9. Visualization

In this section we discuss a set of Python tools for visualization.

Python provides access to a sophisticated set of plotting tools for standard mathematical plots, and we will take a brief look at the most complete, matplotlib and its extension, pylab. We’ll also look at bokeh, a tool that focused on creating interactive plots, especially plots that can be displayed in a browser. As anyone who’s done much plotting knows, plotting data is a complex task involving numerous decisions related to what the high-level goals of the visualization are. We look at some examples of things that can be easily done with matplotlib, boxplots, violin plots, and some uses of color to grapple with higher dimensionality. However, we will not much more than scratch the surface of the subject here.

The tools-oriented part of this chapter might be thought of as visualization for exploration. We have a dataset and we’re interested in gaining a deeper understanding of its properties. Various standard plot types and plotting tools can be of help. But another equally important visualization task arises when we have asked good questions about the data and the answers tell us something important about how the data works. We then need to use visualization for story-telling. Good visual story-telling often involves combining information from different sources or enriching the information from one source with statistical analysis. We have to present an explanatory pattern in the data in a clear and compelling way. We’ll take a look at the process of moving from raw data to story telling with a very simple example involving automobile mileage. We’ll also look at the enrichment that’s possible when geographic, which instantly ad a whole new story telling dimension to the data.

It is also important to remember that good visualization involves much more than just simple plotting; good visualization often involves significant computing to cast the data into a form suitable for graphical representation and exploration, and in its capacity as a complete programming language, Python can help out there. We will look at two example of this sort, social networks and dimensionality reduction. For visualization of social networks, Python offers, through the networkx package, a useful interface. For larger networks, other tools may be better. For dimensionality reduction, some of the standard tools in the numpy linear algebra package are of use.

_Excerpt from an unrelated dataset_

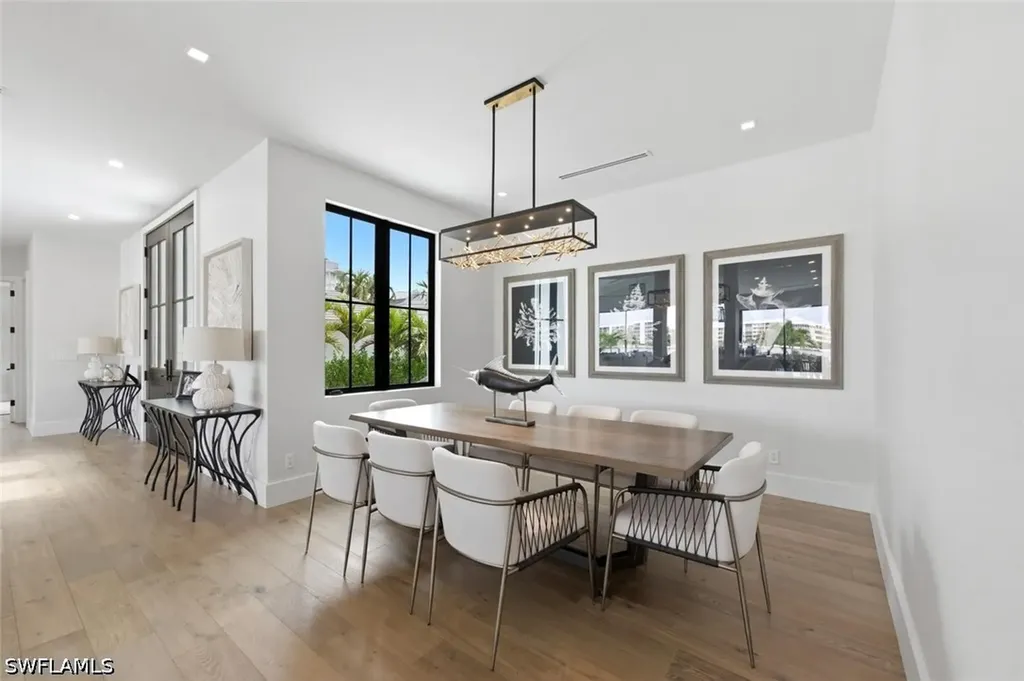 200 Bahia Point Naples FL 34103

More than just pretty pictures

  1. Good visualizations provide genuine insights into data, even promotes the discovery of lawlike relations. All data graphs are visualizations; some are just more revealing than others. But the field of illuminating visualizations is not limited to graphs. For a small sample of the kind of imaginative spaces some visualizations explore, see the prefuse gallery.

  2. But in social science, a lot of our data is qualitative. We need to make use of categories like ethnicity, political persuasion, social ties, and layered concepts of social identity. It’s hard to draw graphs for these kinds of data, because they don’t easily map onto numbers. This is where the discipline of data visualization becomes interesting, because there are helpful techniques for visualizing all kinds of non-numerical data.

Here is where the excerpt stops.